**PROBLEM DETAILS**
Reproduce everything from the line that contains "Exterior Day Image" down to the line that contains "Пилав турецкий с рисом и черносливом" in the listing below, word for word and nothing more. Leave the pictures out.

**DATA TO EXAMINE**

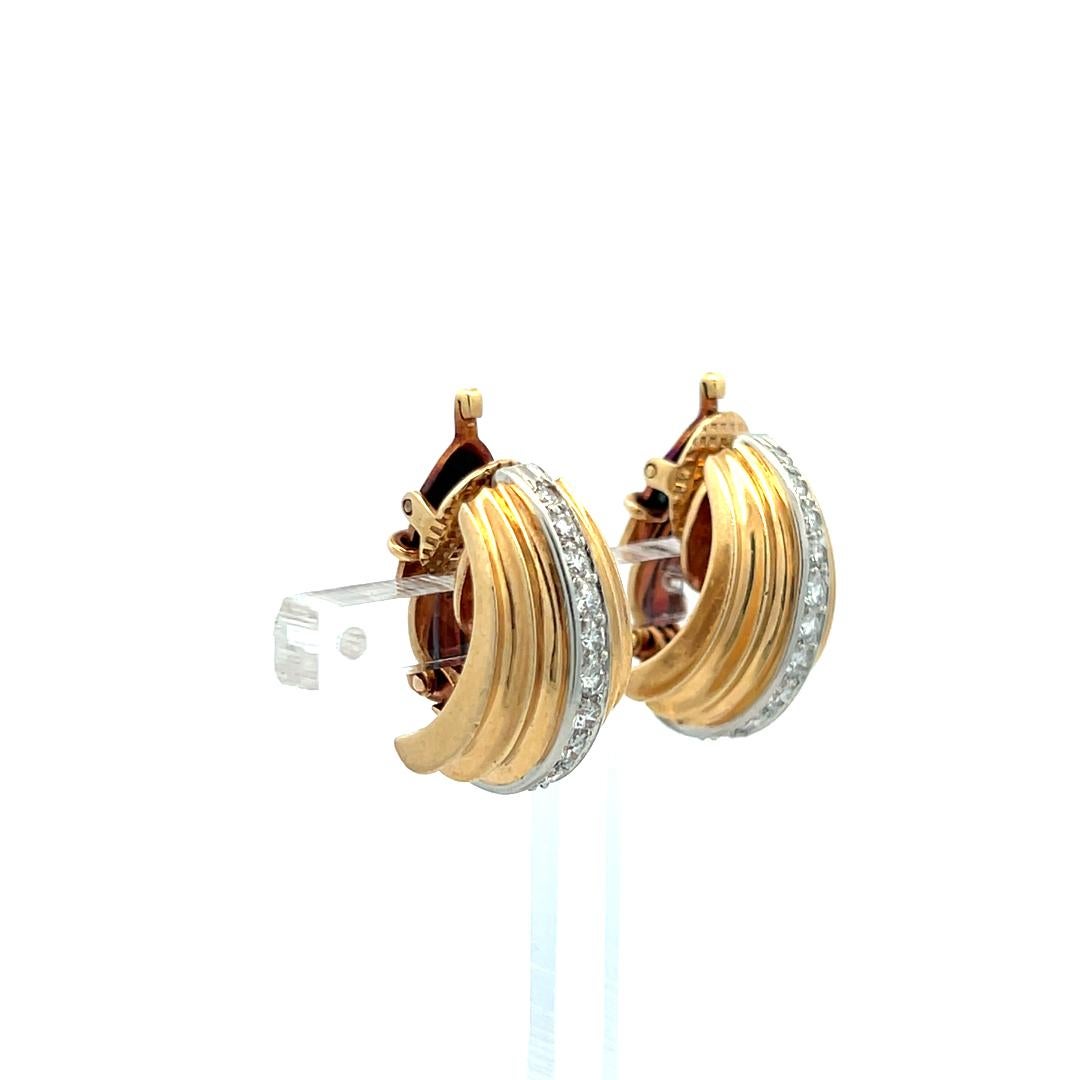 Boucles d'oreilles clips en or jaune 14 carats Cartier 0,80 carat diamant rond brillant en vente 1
---
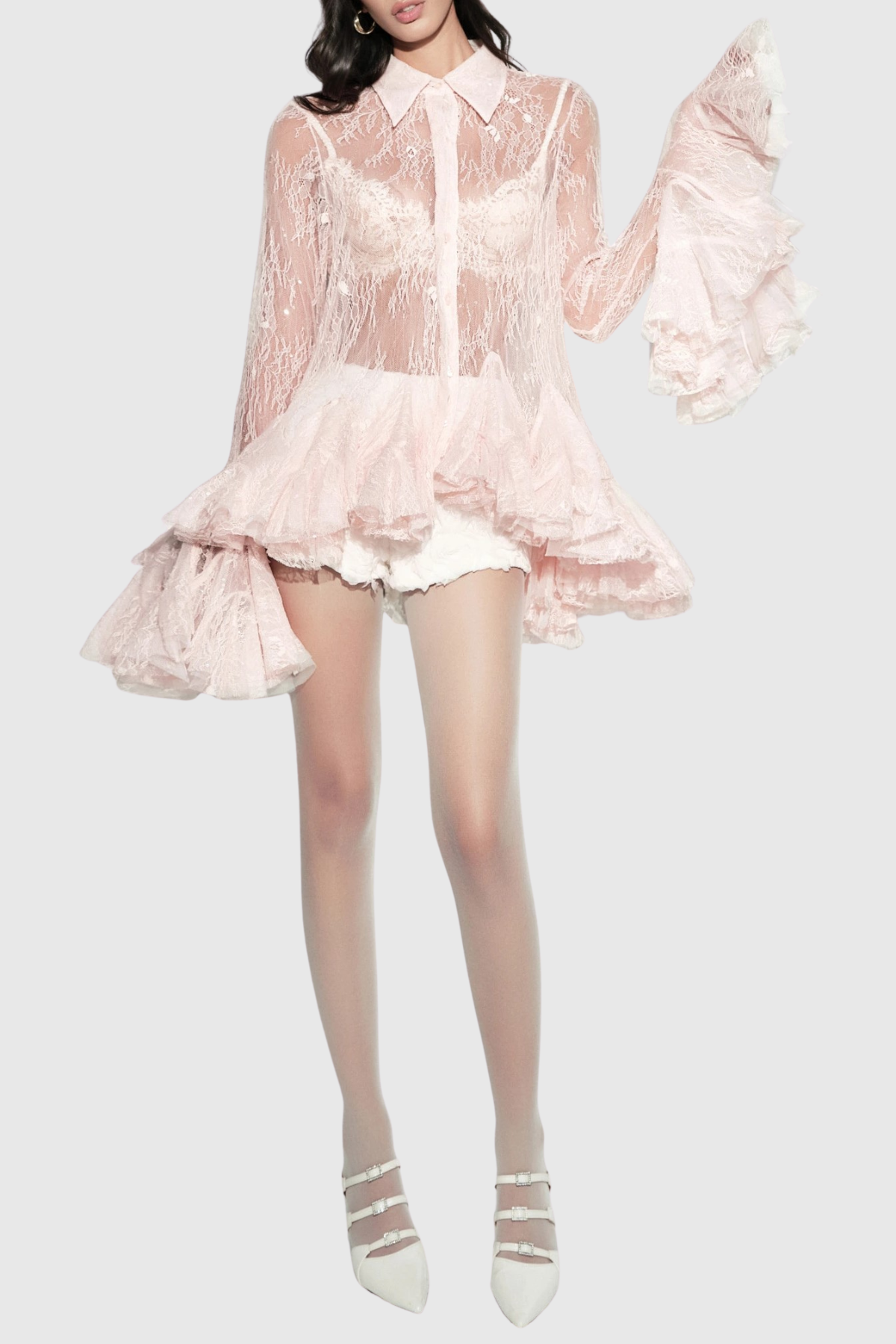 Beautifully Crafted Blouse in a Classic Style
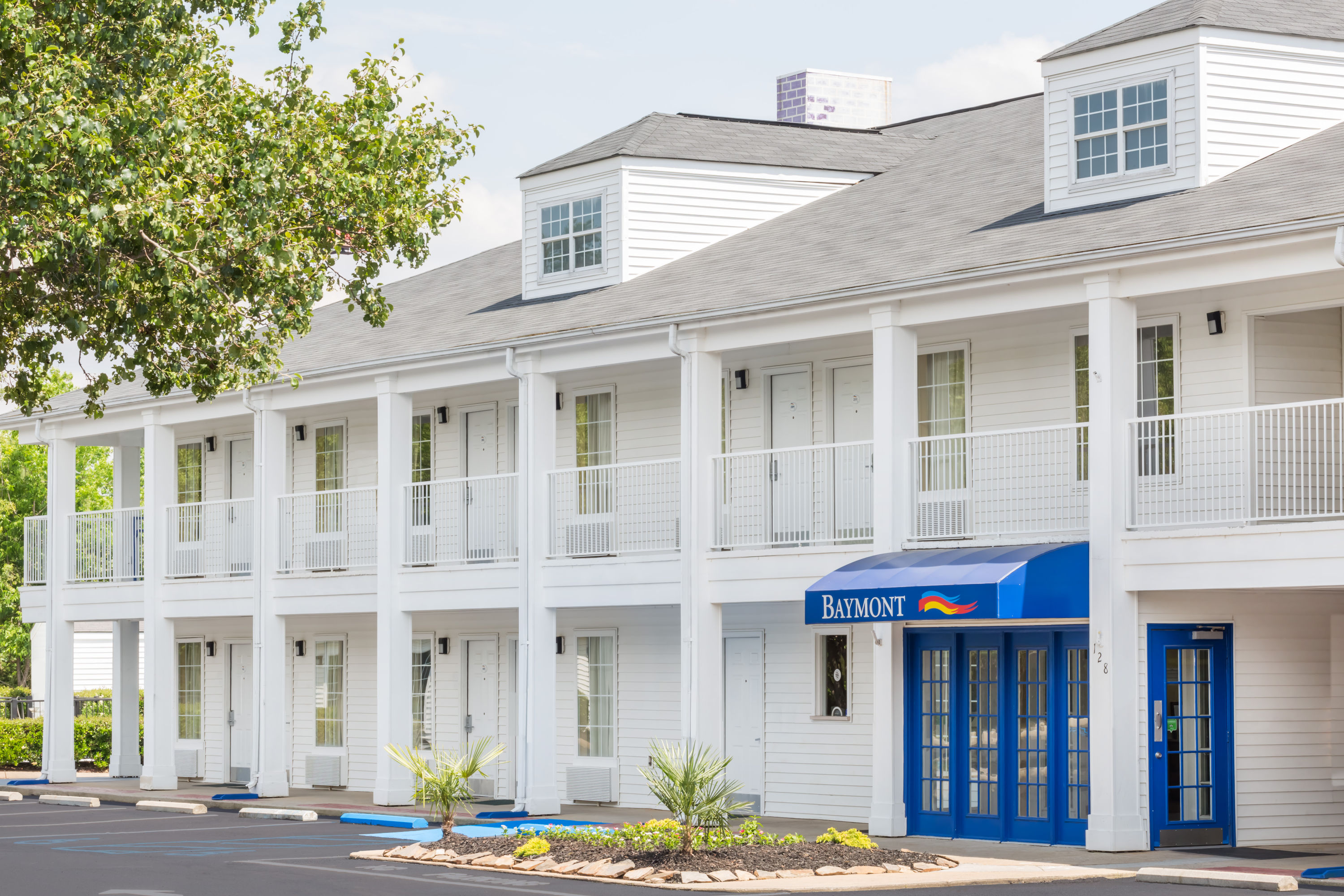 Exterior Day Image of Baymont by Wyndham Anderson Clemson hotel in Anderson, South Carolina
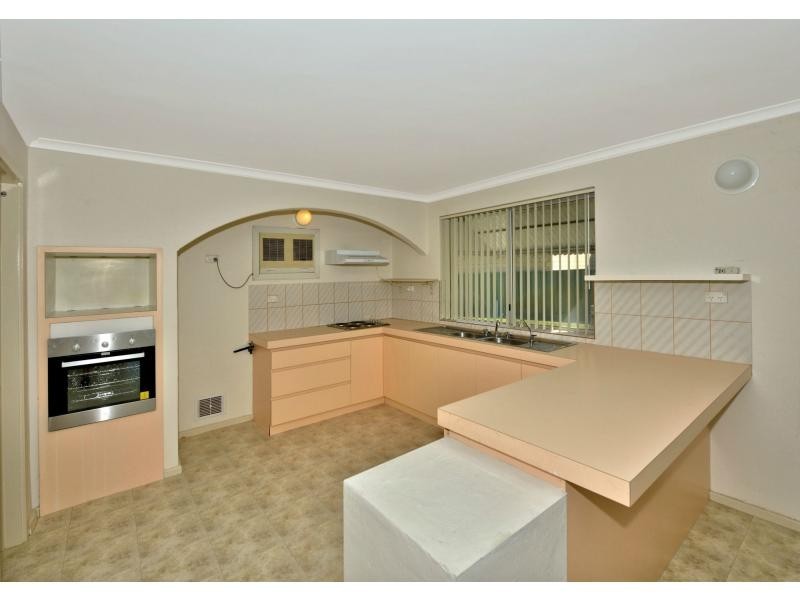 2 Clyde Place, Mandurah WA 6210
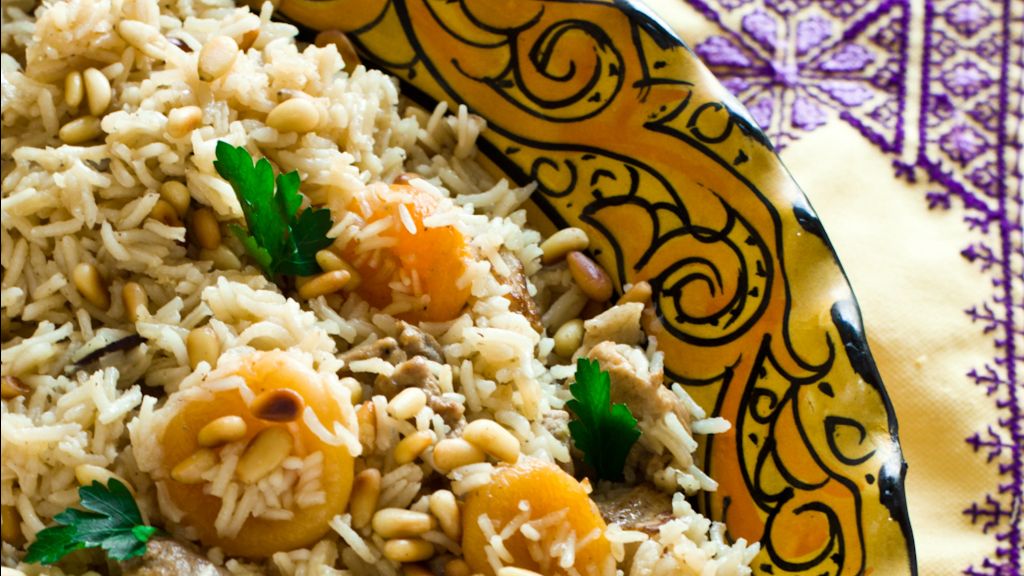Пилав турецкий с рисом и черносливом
...
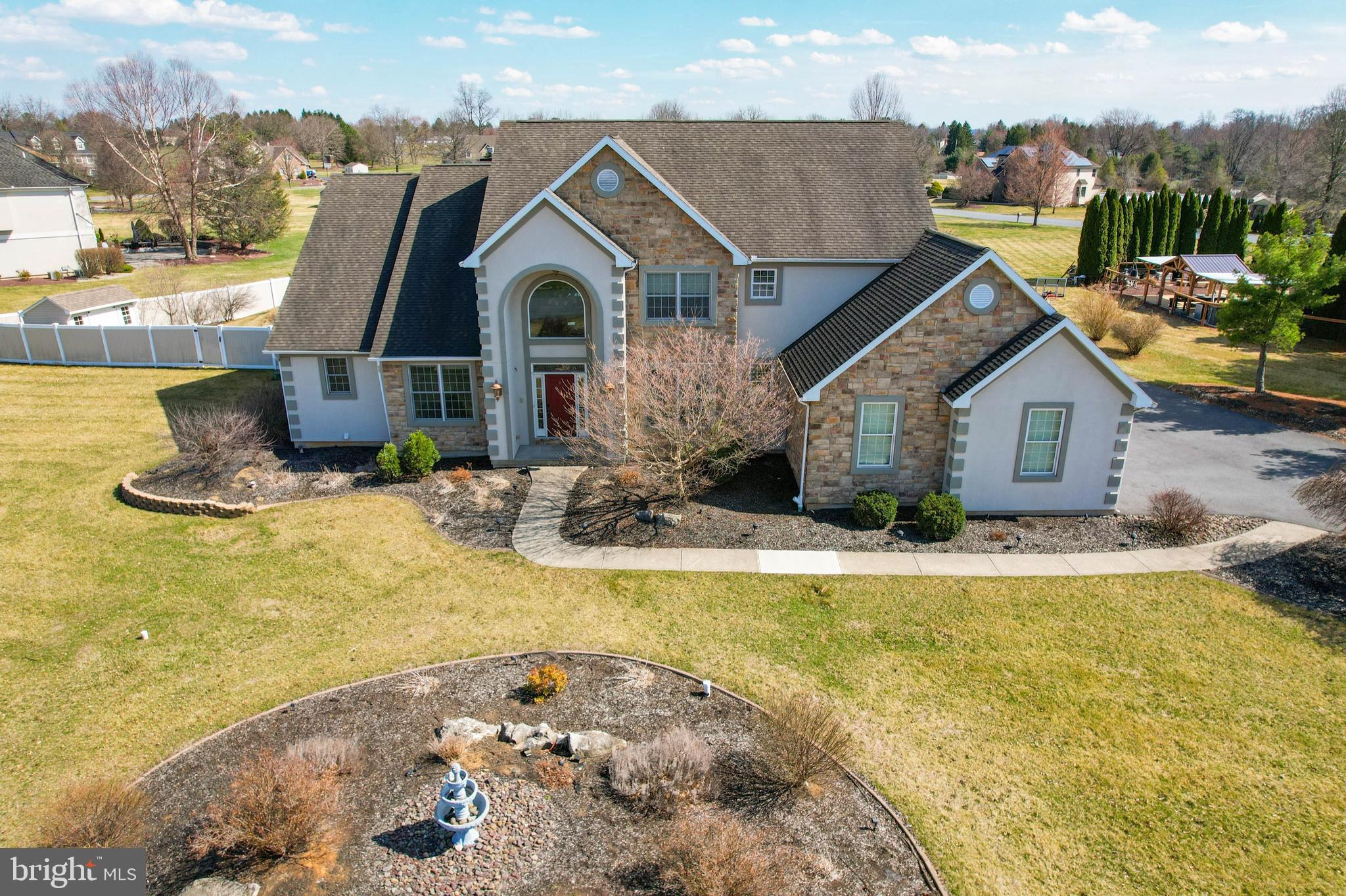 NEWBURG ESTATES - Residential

**COMPLETED EXERCISE**
 Exterior Day Image of Baymont by Wyndham Anderson Clemson hotel in Anderson, South Carolina
 2 Clyde Place, Mandurah WA 6210
Пилав турецкий с рисом и черносливом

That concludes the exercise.